==== Provided material

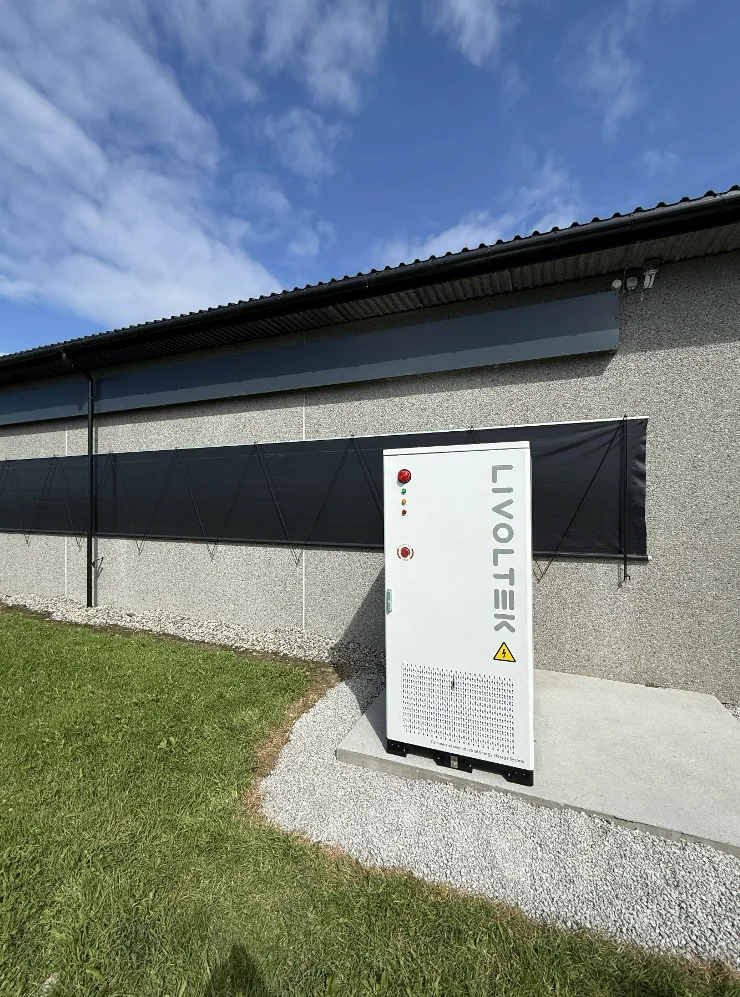 Hvitt batteriskap fra Livoltek på et betongfundament langs veggen på en driftsbygning, med gress og blå himmel rundt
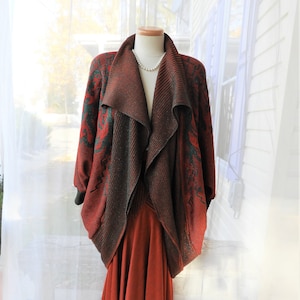 May include: A long, red and green patterned cardigan with a draped collar. The cardigan is worn over a rust-colored skirt.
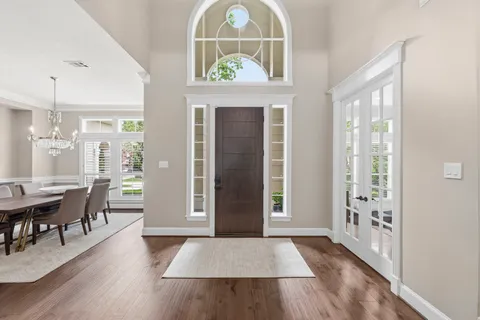 a view of a living room and a window with wooden floor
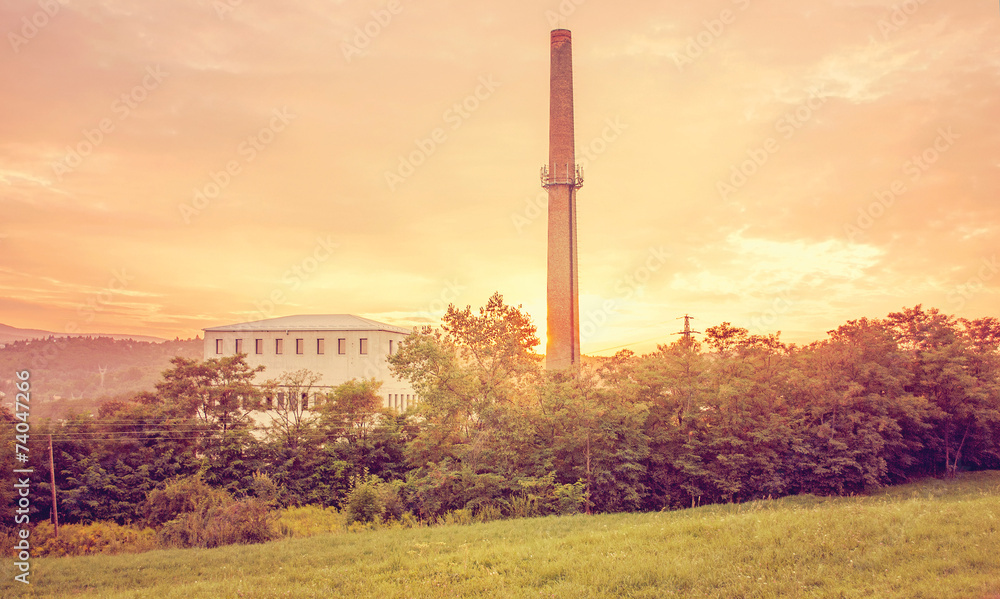 Factory building at summer sunset behind trees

========

## Task prompt
Nothing but the lines from the line containing "May include: A" through the last line of the listing above should appear, output exactly, with no pictures.

## Answer section
 May include: A long, red and green patterned cardigan with a draped collar. The cardigan is worn over a rust-colored skirt.
 a view of a living room and a window with wooden floor
 Factory building at summer sunset behind trees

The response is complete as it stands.